Le dialogue de sourds perdure entre les syndicalistes et le Gouvernement. Malgré une rencontre entre le GCSE, trois ministères (Education nationale, Budget, Fonction publique), et le Conseil du dialogue social, rien de concret n’est sorti de l’entrevue d’hier qui aura duré plus de 6 tours d’horloge.

Si pour Mamadou Lamine Dianté, lever le mot d’ordre de grève “n’est pas à l’ordre du jour”, la tutelle tient un autre langage. “Des avancées substantielles et significatives ont été apportées aux préoccupations des organisations syndicales”, déclare le ministre de l’Education, Serigne Mbaye Thiam. Sa collègue de la Fonction publique estime que la situation d’exécution des points d’accords inscrits dans le protocole du 17 février 2014 est satisfaisante.

“Sur les 33 points d’accords, plus de 24 ont été réalisés entièrement”, fait-elle savoir. Les points d’achoppement concernent 5 questions qui cristallisent l’attention des enseignants : validation des années de vacation, de contractualisation et de volontariat ; rappel des mises en soldes ; habitat social ; formation diplômante ; relèvement des indemnités.

Pour ce dernier point, Viviane Bampassy estime que les syndicalistes ont mis le gouvernement au pied du mur : “Dans l’accord, gouvernement et syndicats avaient convenu de renvoyer ce point ainsi que toutes les questions à incidence financière aux résultats de l’étude sur le système de rémunération des agents de l’État en cours”, déclare-t-elle.

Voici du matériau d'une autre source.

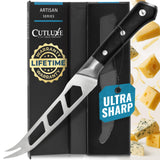 Cutluxe Cheese Knife – 5" Cheese Knife Slicer for Soft and Hard Cheese – Pronged, Serrated & Non Stick Blade – High Carbon German Steel – Artisan Series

Un nouveau paramètre qui s’est invité au problème et risque d’envenimer la situation est la question salariale. “Dans ce contexte où les uns et les autres appellent à l’apaisement, il ya des mesures qui sont prises en toute illégalité et qui ne feront que jeter de l’huile sur le feu. Quand des syndicats d’enseignants respectent la procédure et arrivent à des arrêts de travail conformément à la loi de ce pays, les ponctions de salaire doivent se faire en toute conformité avec la procédure. Ce qui se fait ne va pas aider à décrisper la situation”, prévient le coordonnateur du GCSE Mamadou Lamine Dianté.

Mais pour le ministre de l’Education nationale, ce n’est que le corollaire du droit de grève qui est appliqué. “Ce n’est pas une sanction, c’est la loi, c’est la jurisprudence. La contrepartie du droit de grève, c’est que le gouvernement qui utilise l’argent du contribuable sénégalais pour payer des fonctionnaires, ne les paie pas quand les jours ne sont pas travaillés”, déclare Serigne Mbaye Thiam.

En attendant la rencontre d’aujourd’hui entre le Gouvernement et tous les syndicats d’enseignement, l’issue de cette crise tarde à se préciser.